> [EXERCISE INPUTS]
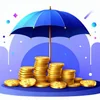 Biểu tượng lá chắn, giảm thiểu rủi ro khi chơi tại 99win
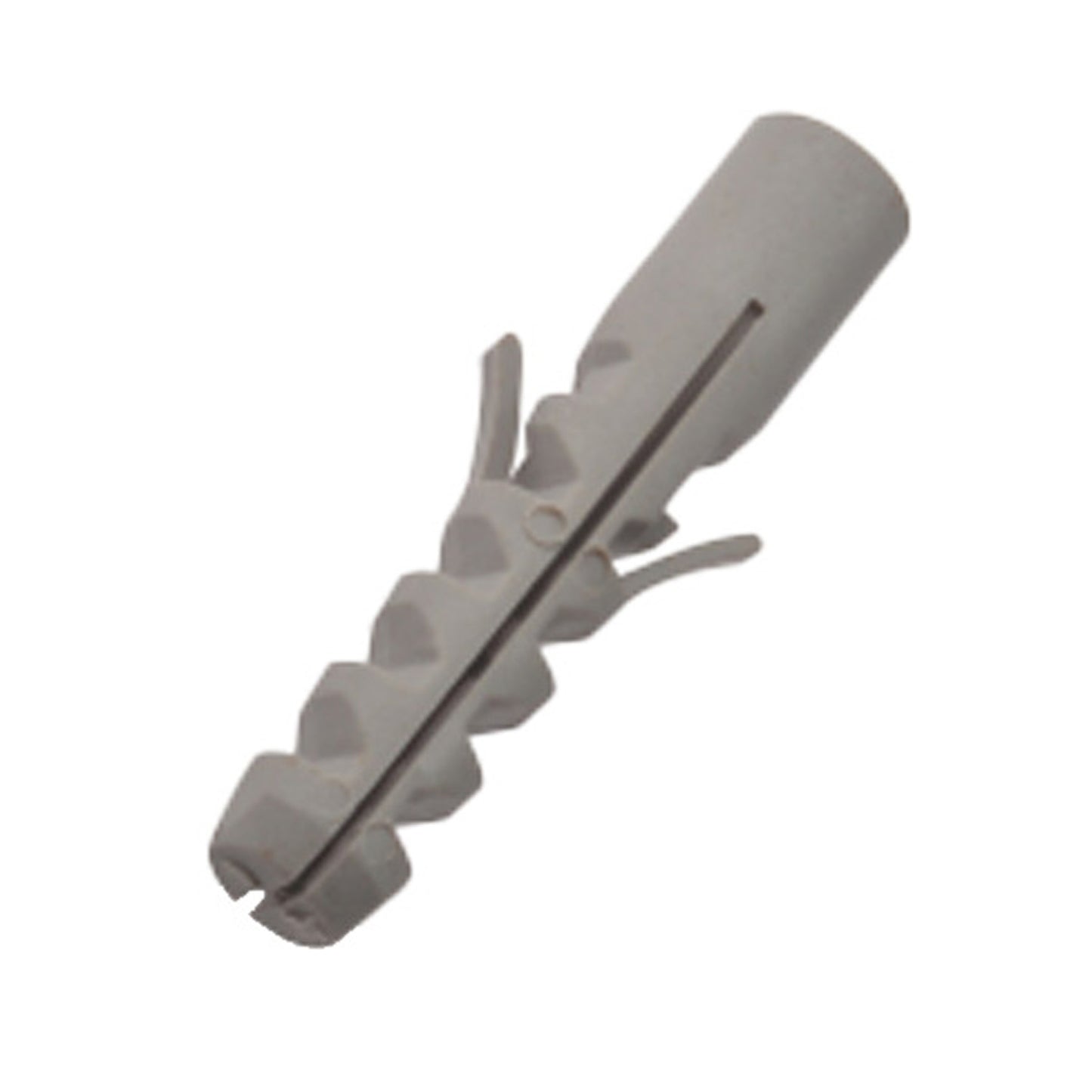 Nylon Rimless Wall Plugs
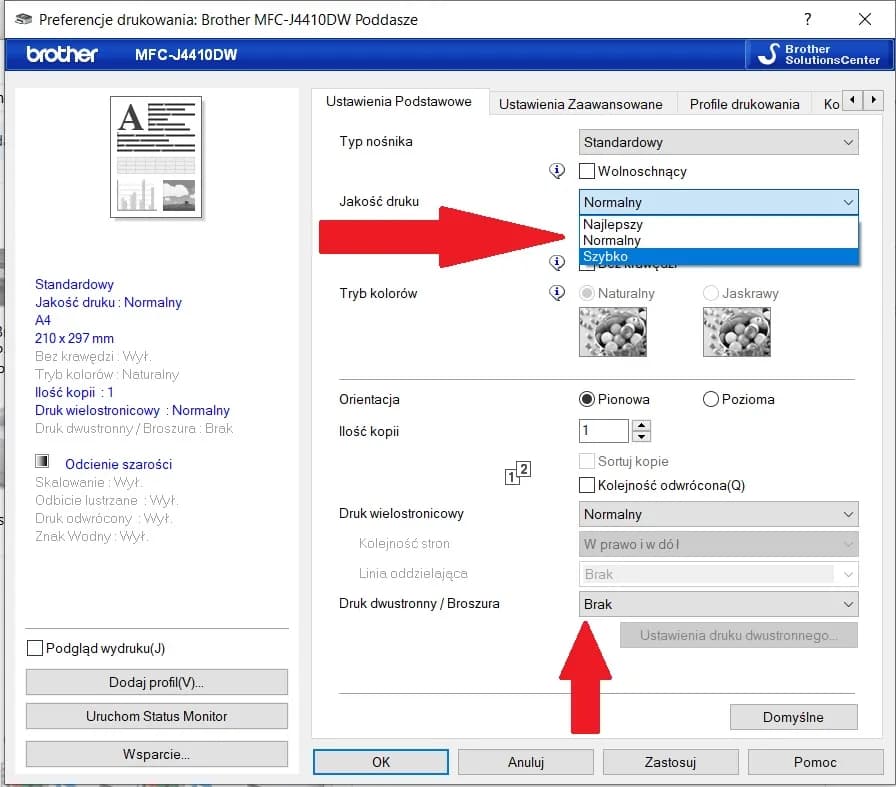 Jak ustawić drukowanie w kolorze HP i uniknąć frustracji z ustawieniami Jak ustawić drukowanie w kolorze HP i uniknąć frustracji z ustawieniami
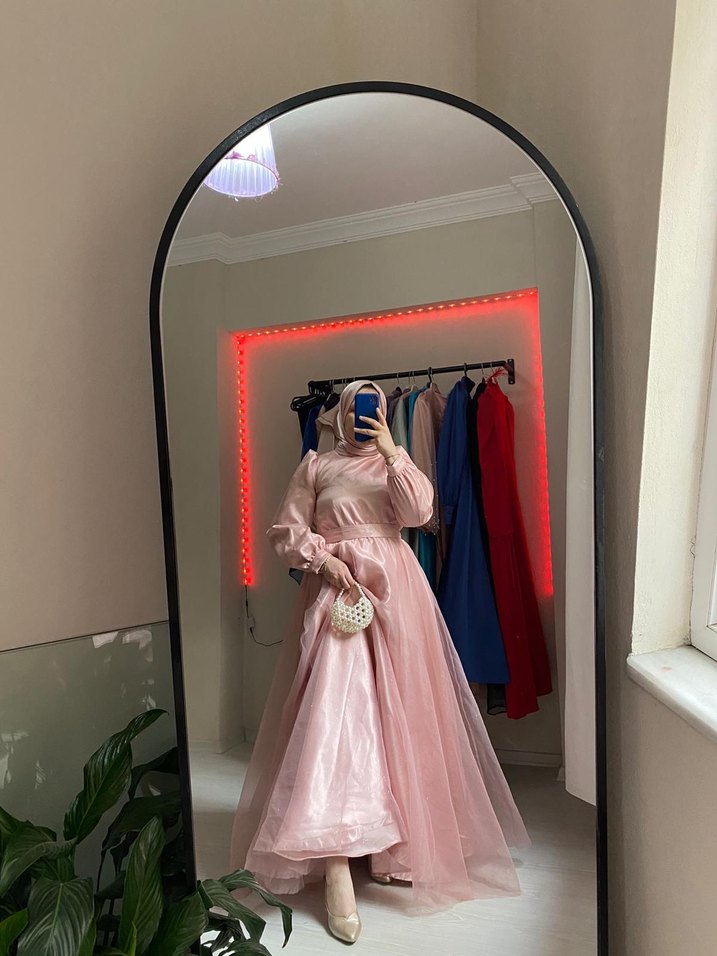 Meliha Tarhanacı - Görsel 3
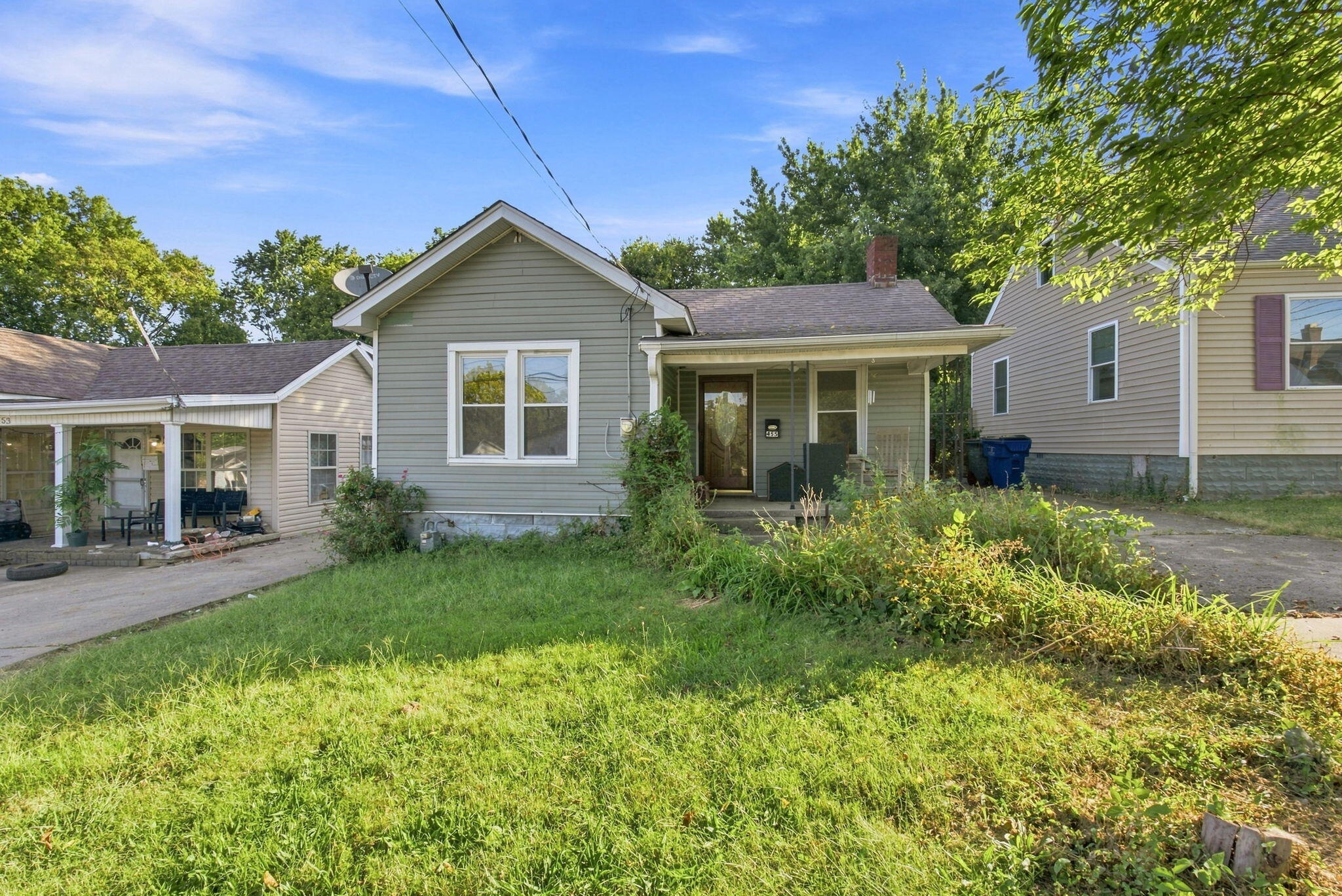 455 Morgan Avenue Property Photo 1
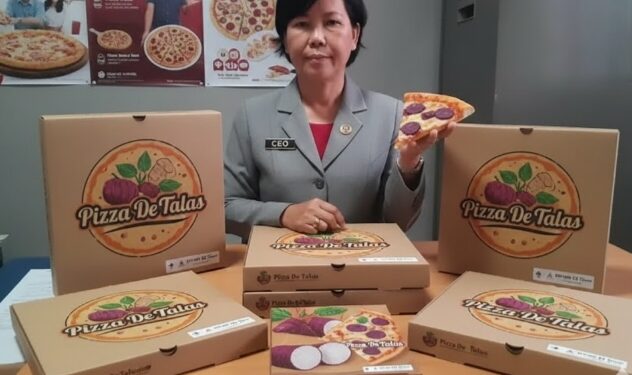 Pemerintah Akan Mendukung Para UKM Demi Perwujudan Memperastu Bangsa Agar Sehat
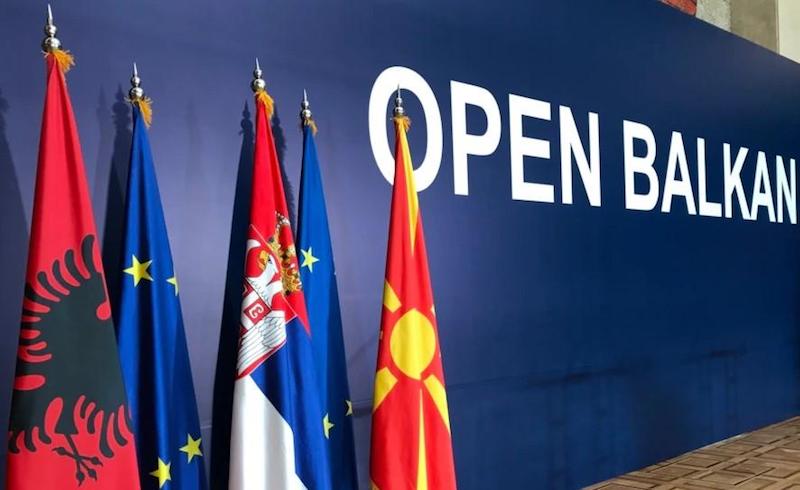 Le Monténégro va-t-il rejoindre Open Balkans ?
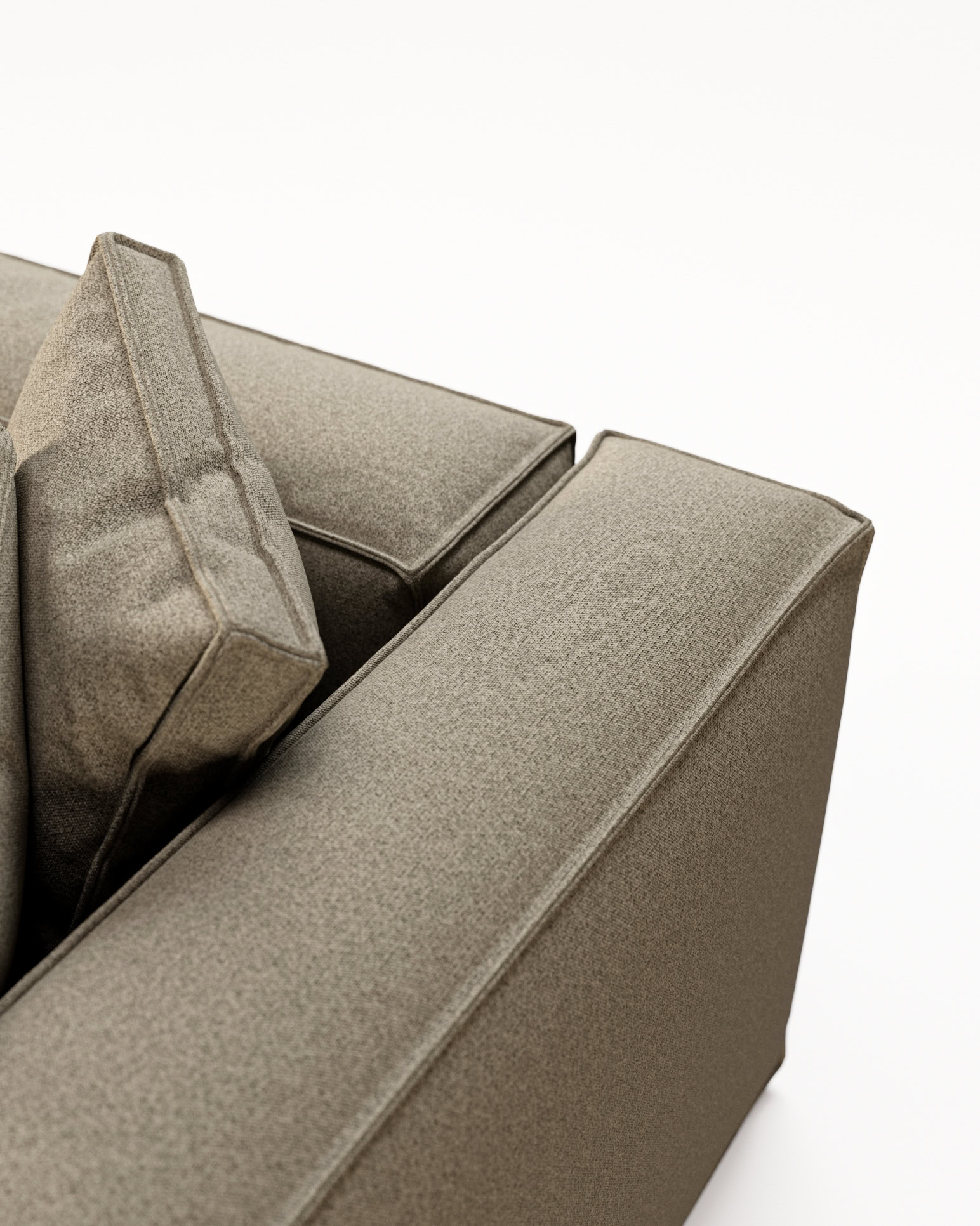 Long Island - Arredamento - Divani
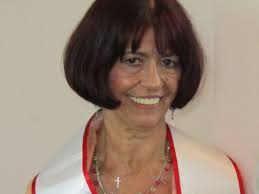 Fundraiser by Eileen Erickson : Winnie Thomson Memorial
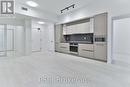 505 - 10 Graphophone Grove, Toronto, ON  - Indoor Photo Showing Kitchen 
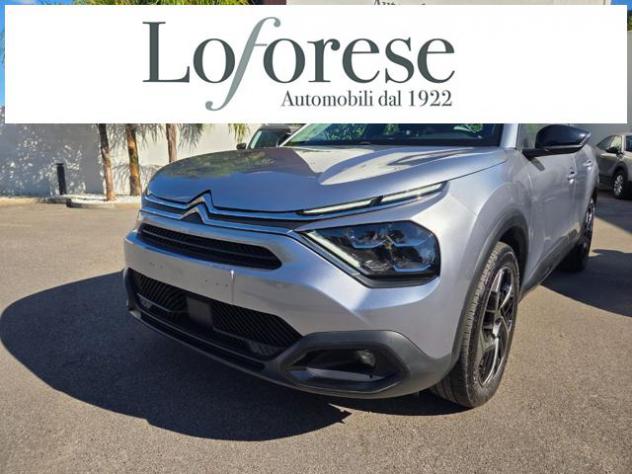 CITROEN C4 PureTech 130 S&S EAT8 Plus rif. 22919223 - Foto 3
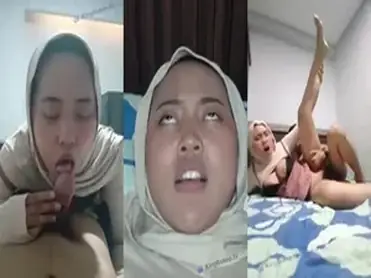 Ukhti Jilbab Pashmina Ngewe Part 2 poster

> [BRIEF] Please copy exactly the lines from the one that contains "CITROEN C4 PureTech" through the last line of the listing above, leaving out the pictures.

> [OUTPUT FOR THIS EXERCISE]
 CITROEN C4 PureTech 130 S&S EAT8 Plus rif. 22919223 - Foto 3
 Ukhti Jilbab Pashmina Ngewe Part 2 poster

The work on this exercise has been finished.